Per quanto riguarda gli obiettivi, beh, ne abbiamo molti ma quello principale e rendere la città di Genova un po’ più “digitale” e rendere sempre di più i cittadini consci della possibilità che la rete offre a chi ne sa approfittare. Oltre che con i musei il campus “dialoga” con le biblioteche, le associazioni, gli artisti del territorio (Genova hub su mySpace) le realtà locali e si avvale di alcune collaborazioni con varie facoltà dell’ateneo genovese.

Per quanto riguarda i Musei di Strada Nuova, come è stato pianificato e gestito l’approccio ai social media?

Tutto quello che i Musei di Strada Nuova hanno fatto in relazione ai social media e ai presidi digitali è sempre passato attraverso il campus di Città Digitale per quanto riguarda le questioni implementative, i conservatori dei musei sono intervenuti per fare in modo che attraverso questi strumenti fosse possibile esplicitare gli obiettivi e la logica che è semplicemente quella di promuovere e far conoscere le collezioni avvicinando i visitatori al museo senza che ne siano spaventati, quindi invitandoli anche attraverso mezzi nuovi ed accattivanti…senza per questo voler sostituire il ‘virtuale’ all’oggetto reale, che deve sempre essere il fine per il quale si lavora.

Gli spazi sui social media, le pagine del sito internet, le mappe con gli itinerari sul territorio, le gallerie fotografiche e i video sono strumenti per invitare i visitatori a voler – ad un certo punto – spegnere il pc per venire a trovarci.

I modelli che ci hanno ispirato sono stati, banalmente, l’approccio intermediale del Mart, l’agilità del MoMA e della Tate e la freschezza di piccole realtà come per esempio il Mao di Torino.

Chi gestisce i presidi digitali dei Musei di Strada Nuova?

La gestione dei presidi digitali dei Musei di Strada Nuova è affidata al personale dei musei, spesso ai curatori stessi che intervengono in prima persona.

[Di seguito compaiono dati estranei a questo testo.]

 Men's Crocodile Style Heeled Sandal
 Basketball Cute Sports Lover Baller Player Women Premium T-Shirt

Ad affiancare i musei dal punto di vista tecnologico, implementativo ed “esecutivo” ci sono poi il campus di Città Digitale e la direzione dei musei del comune di Genova.

Ci sono progetti futuri relativi all’attività digitale?

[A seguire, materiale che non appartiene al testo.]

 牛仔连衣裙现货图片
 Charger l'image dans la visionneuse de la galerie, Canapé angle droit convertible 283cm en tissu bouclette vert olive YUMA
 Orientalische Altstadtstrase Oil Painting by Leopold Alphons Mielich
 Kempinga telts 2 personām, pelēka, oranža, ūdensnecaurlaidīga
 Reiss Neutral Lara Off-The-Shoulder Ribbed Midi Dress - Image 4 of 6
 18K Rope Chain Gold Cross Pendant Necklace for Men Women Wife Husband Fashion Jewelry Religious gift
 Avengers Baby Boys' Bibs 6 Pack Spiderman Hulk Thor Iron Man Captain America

I progetti che ci frullano in testa sono tanti, il primo (in ordine di prevista apparizione) è la pubblicazione della sezione del sito dei musei dedicata al concetto di museo allargato.

A breve compariranno sulle pagine dei musei del comune dei percorsi georeferenziati che si snoderanno attraverso una serie di punti di interesse corredati di descrizioni testuali e arricchiti da vari media.
Questi percorsi saranno solo l’inizio di un processo che dovrebbe portare, attraverso la raccolta di user generated content alla costruzione di un ricco patrimonio di informazioni sul territorio creato in maniera corale da chi il territorio lo vive e lo studia o da chi lo ha visitato.

Un altro progetto che ronza attorno ad alcune teste del campus e che presto vedrà la luce è basato sull’utilizzo dei qr code per rendere possibile la fruizione delle risorse georeferenziate direttamente sul territorio.

Insomma le parole chiave dei nostri progetti futuri sono: partecipazione, user generated content, mobile, multiple devices con un eco sulla realtà aumentata che prende sempre più corpo.

Bhè, che dire, ancora un grazie a Francesca per la preziosa testimonianza e, mi raccomando, non perdete l’occasione per andare a visitare il sito Città Digitale e leggere l’articolo di Francesca “I Musei di Genova su Facebook”.

Mi auguro di riuscire presto a racchiudere tutte queste preziose testimonianze in un eBook più facilmente fruibile.